Adaptation à la Société d’aujourd’hui

Augmenter la part du conjoint

Jusqu’à présent, on pouvait avantager son conjoint :
- soit dans les limites de la quotité disponible ordinaire qui est de 1/2 quand il y a un enfant, 1/3 quand il y a deux enfants, 1/4 quand il y a trois enfants ou davantage ;
- soit dans les limites de la quotité disponible spéciale entre époux qui est du 1/4 en toute propriété et 3/4 en usufruit, ou de la totalité en usufruit, quel que soit le nombre d’enfants, fussent-ils issus d’une précédente union du défunt.
Par un pacte successoral, la loi nouvelle permet aux enfants de renoncer à leur part ou à une fraction de leur part pour avantager le conjoint.

• Le changement de régime matrimonial est facilité.

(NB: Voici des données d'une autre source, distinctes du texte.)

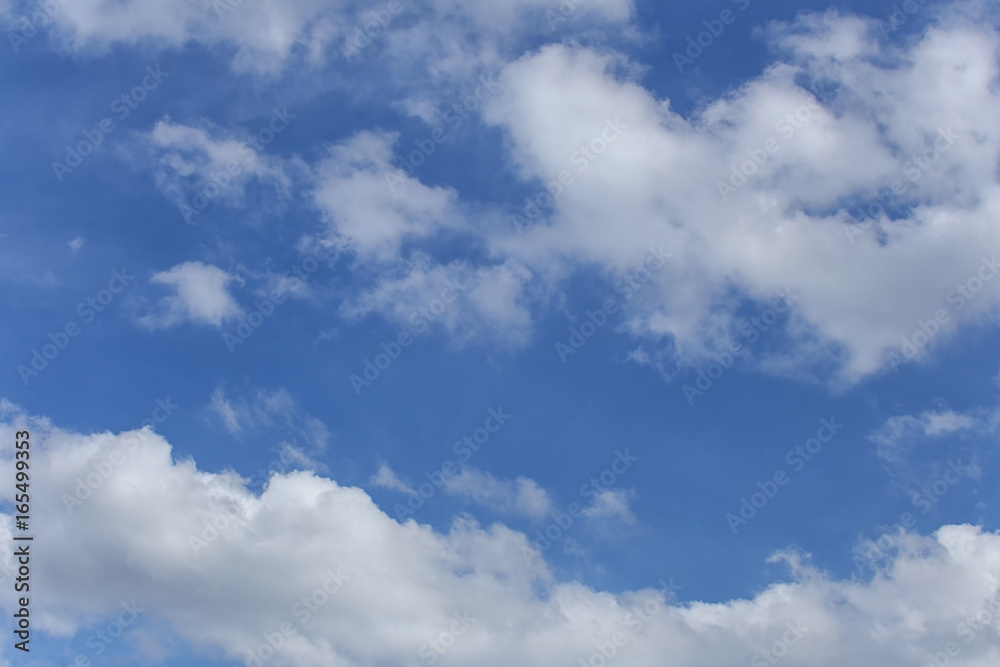 Blue sky with bright white clouds in daylight. Blue sky with bright white clouds in daylight.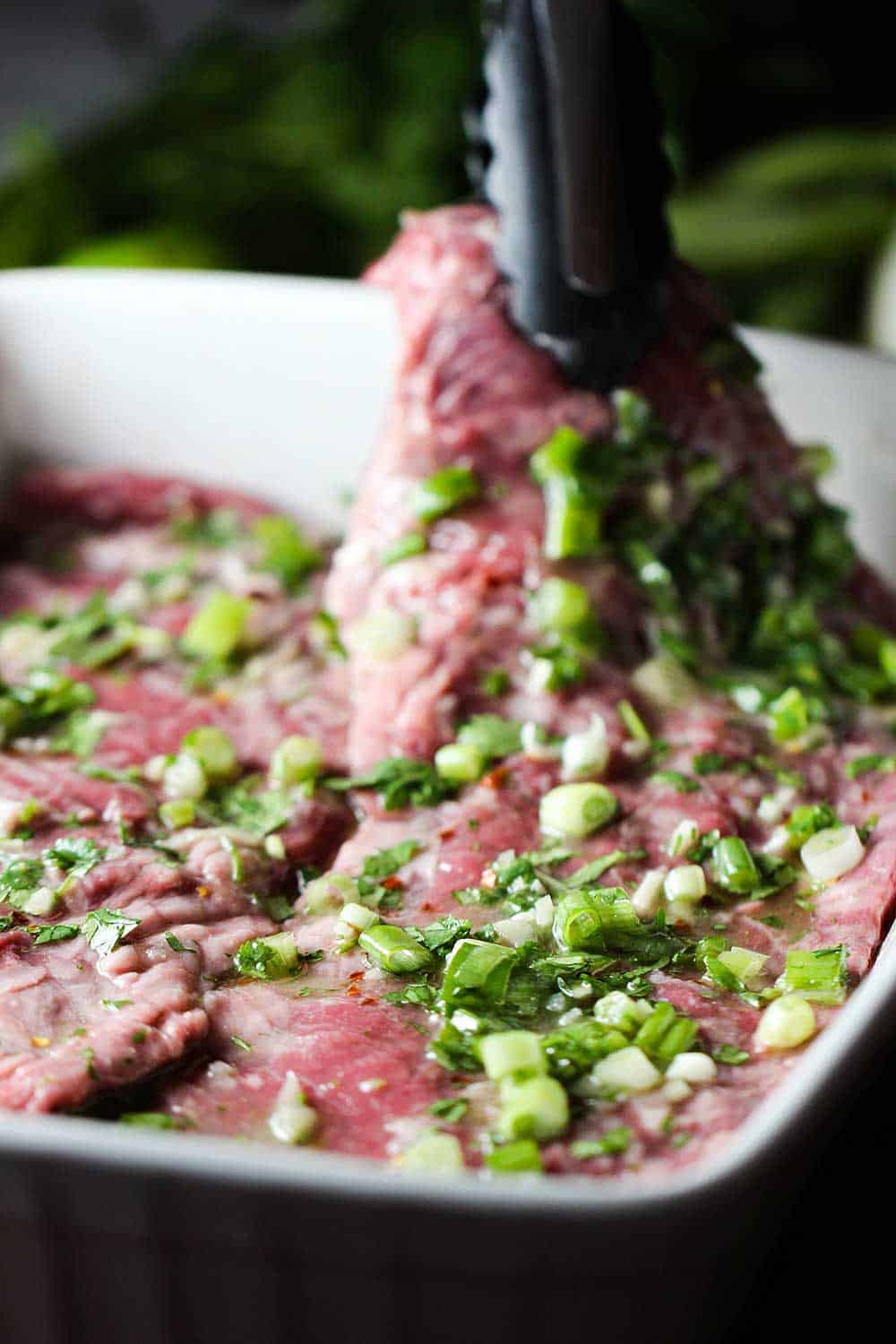 A pair of tongs lifting a cut of skirt steak up that has been marinating in a white dish. 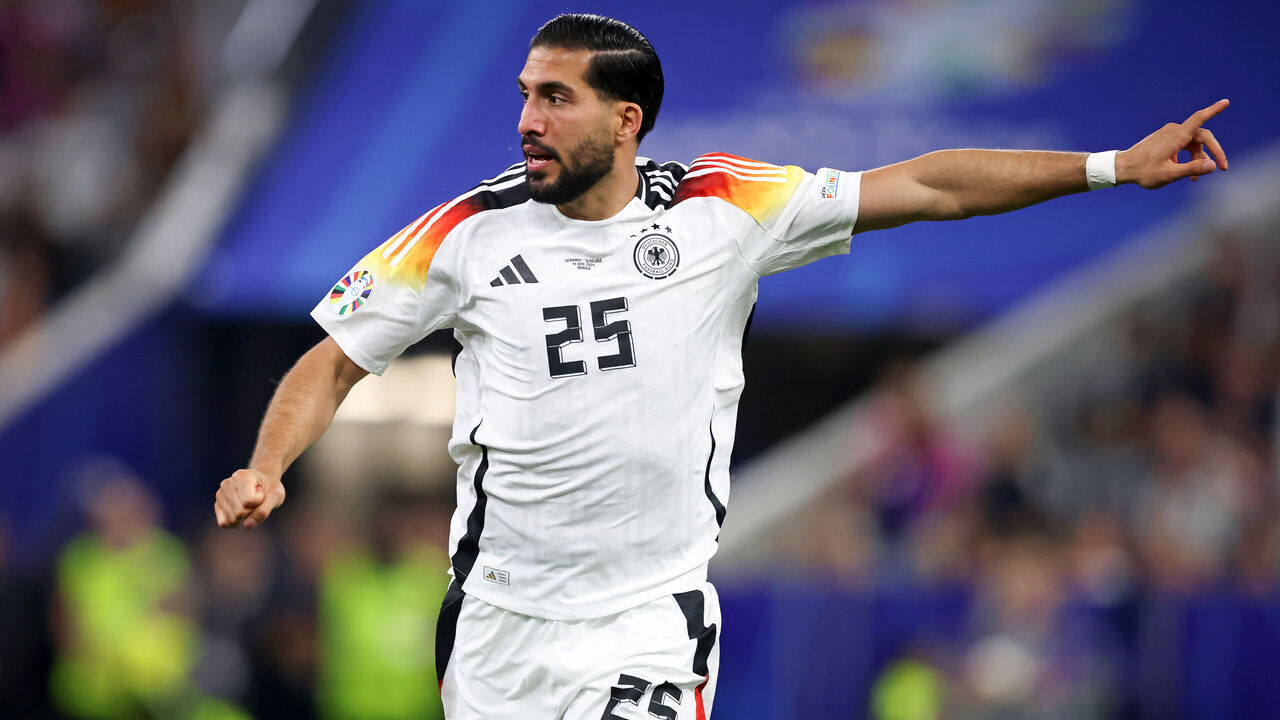 MUNICH, GERMANY - JUNE 14: Emre Can of Germany gives his team instructions during the UEFA EURO 2024 group stage match between Germany and Scotland at Munich Football Arena on June 14, 2024 in Munich, Germany.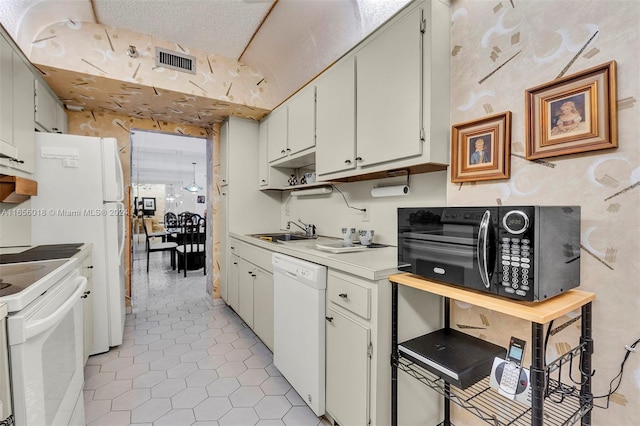 kitchen featuring a textured ceiling, white cabinets, sink, and white appliances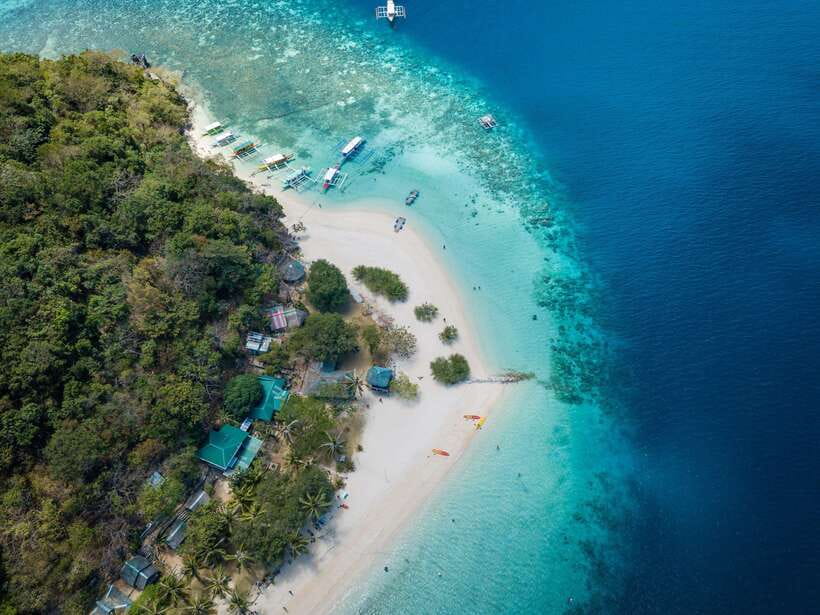 Coron: Coastal Cliffs, Beach & Malcapuya Island Hopping Tour - Banana Island, Malcapuya Island, Bulog Dos Island, the island order and what to expect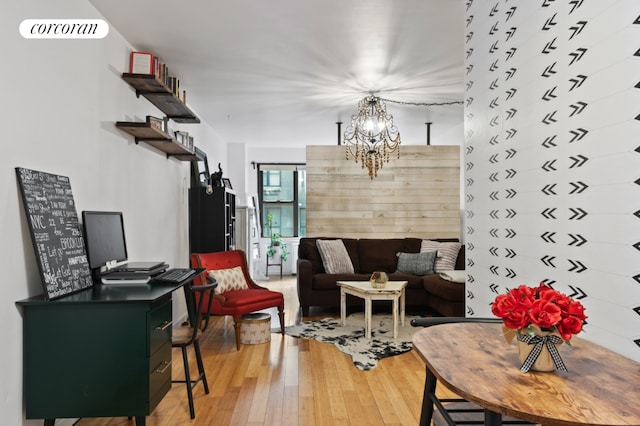 living room featuring wood-type flooring and a chandelier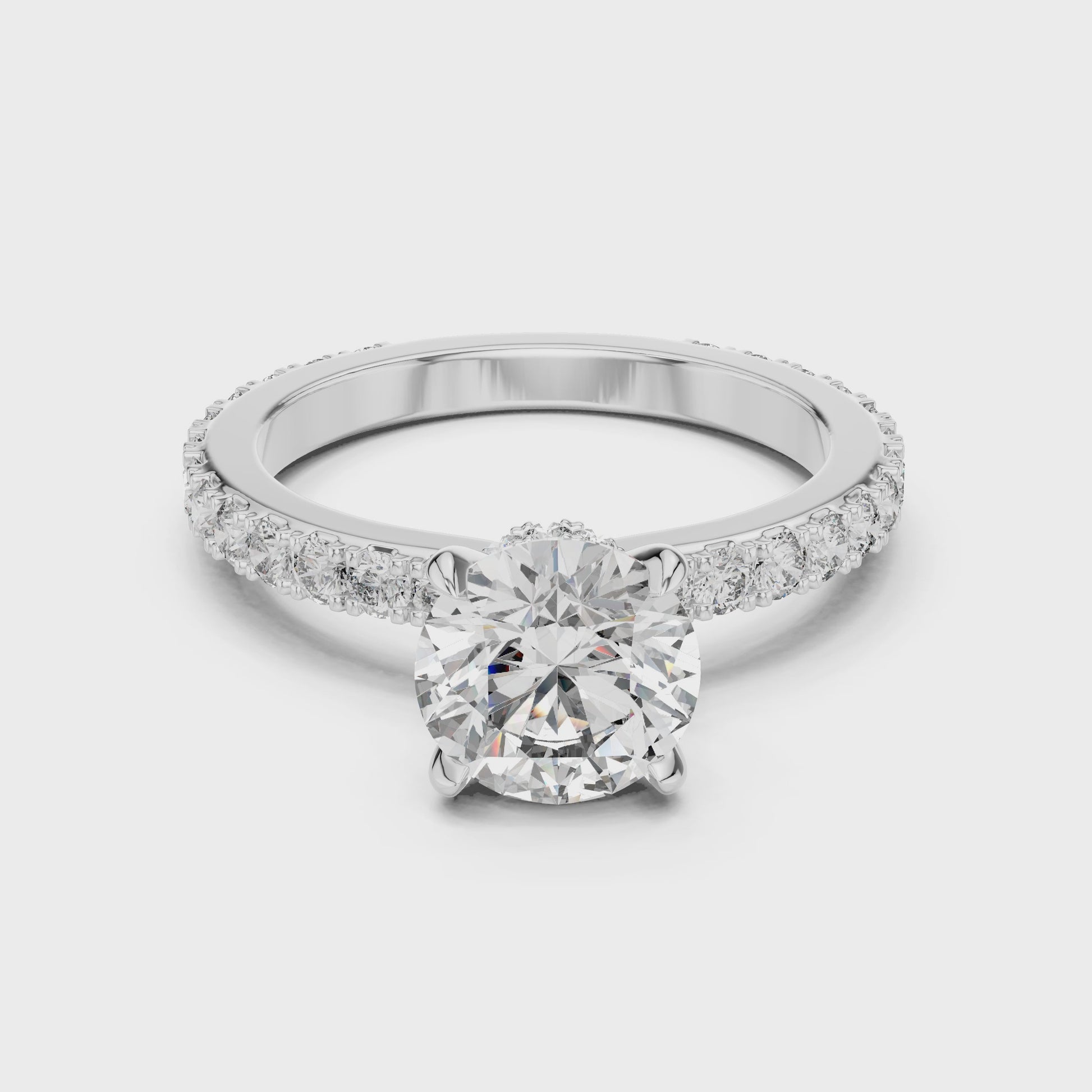 Atria Secret Double Halo diamond engagement ring with round center stone and pavé band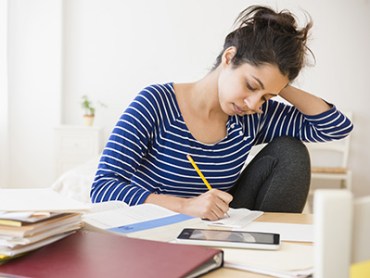 Asian student studying at table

Après les mesures fiscales (suppression de la taxe de publicité foncière,…) adoptées en 2004 et pérennisées par la loi de finances 2006, en faveur des changements de régimes matrimoniaux vers un régime de communauté, la loi du 23 juin 2006 en simplifie maintenant la procédure.
Jusqu’à présent, le changement de régime matrimonial nécessitait l’établissement d’un acte notarié obligatoirement homologué par le tribunal de grande instance, ce qui nécessitait le concours d’un avocat. Désormais, le contrat établi par le notaire ne sera plus obligatoirement homologué par le tribunal ; l’homologation n’est plus requise que lorsque l’un des époux a des enfants mineurs ou si un enfant majeur ou un créancier forme opposition.

• Droits des Pacsés

Le régime juridique des personnes liées par un Pacte civil de solidarité (Pacs) se rapproche de celui des personnes mariées.
Désormais, la mention du Pacs doit figurer en marge de l’acte de naissance de chaque partenaire, offrant ainsi plus de sécurité juridique aux intéressés et aux tiers. Par ailleurs, pour les biens acquis ensemble après le Pacs, la loi nouvelle pose le principe que le régime de droit commun est celui de la séparation de biens, sauf si les pacsés optent de façon formelle pour l’indivision, ce qui était jusqu’à présent le régime des biens acquis après la signature du Pacs.
En outre, le droit temporaire accordé au conjoint survivant d’occuper gratuitement et pendant un an le logement constituant son habitation principale au moment du décès de son époux (propriétaire, locataire ou indivisaire), est étendu au partenaire pacsé survivant.
Les pacsés pourront également convenir par testament que le survivant aura un droit préférentiel sur le logement. Au moment du règlement de la succession, il se verra attribuer la résidence principale et, en fonction de la valeur de celle-ci par rapport à sa part, versera ou non une soulte aux autres héritiers.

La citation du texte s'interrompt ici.